Deterministic homogenization under optimal moment assumptions for fast-slow systems. Part 1

TL;DR

This paper establishes deterministic homogenization for multiscale systems with nonuniformly expanding fast dynamics, proving an iterated weak invariance principle and optimal moment bounds, advancing the mathematical understanding of such systems.

Contribution

It introduces new iterated moment bounds and an iterated weak invariance principle for nonuniformly expanding maps, extending homogenization theory.

Findings

Proved an iterated weak invariance principle.

Established optimal iterated moment bounds for nonuniformly expanding maps.

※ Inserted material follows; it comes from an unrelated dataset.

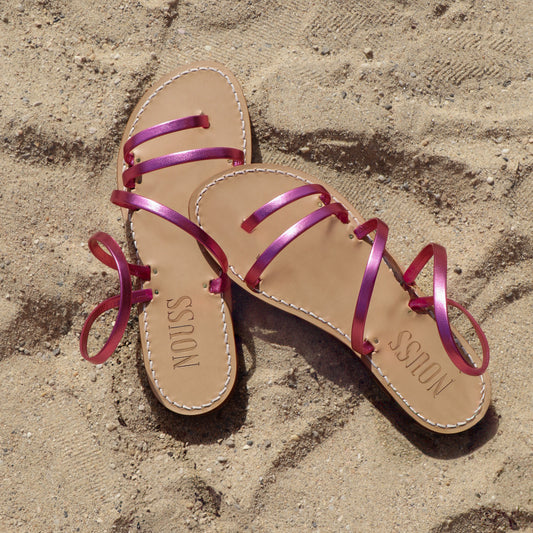Sandales Femme Cannes Rose - dessus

Demonstrated homogenization results for multiscale systems with fast-slow dynamics.

Abstract

We consider deterministic homogenization (convergence to a stochastic differential equation) for multiscale systems of the form \[ x_{k+1} = x_k + n^{-1} a_n(x_k,y_k) + n^{-1/2} b_n(x_k,y_k), \quad y_{k+1} = T_n y_k, \] where the fast dynamics is given by a family $T_n$ of nonuniformly expanding maps. Part 1 builds on our recent work on martingale approximations for families of nonuniformly expanding maps. We prove an iterated weak invariance principle and establish optimal iterated moment bounds for such maps. (The iterated moment bounds are new even for a fixed nonuniformly expanding map T.) The homogenization results are a consequence of this together with parallel developments on rough path theory in Part 2 by Chevyrev, Friz, Korepanov, Melbourne & Zhang.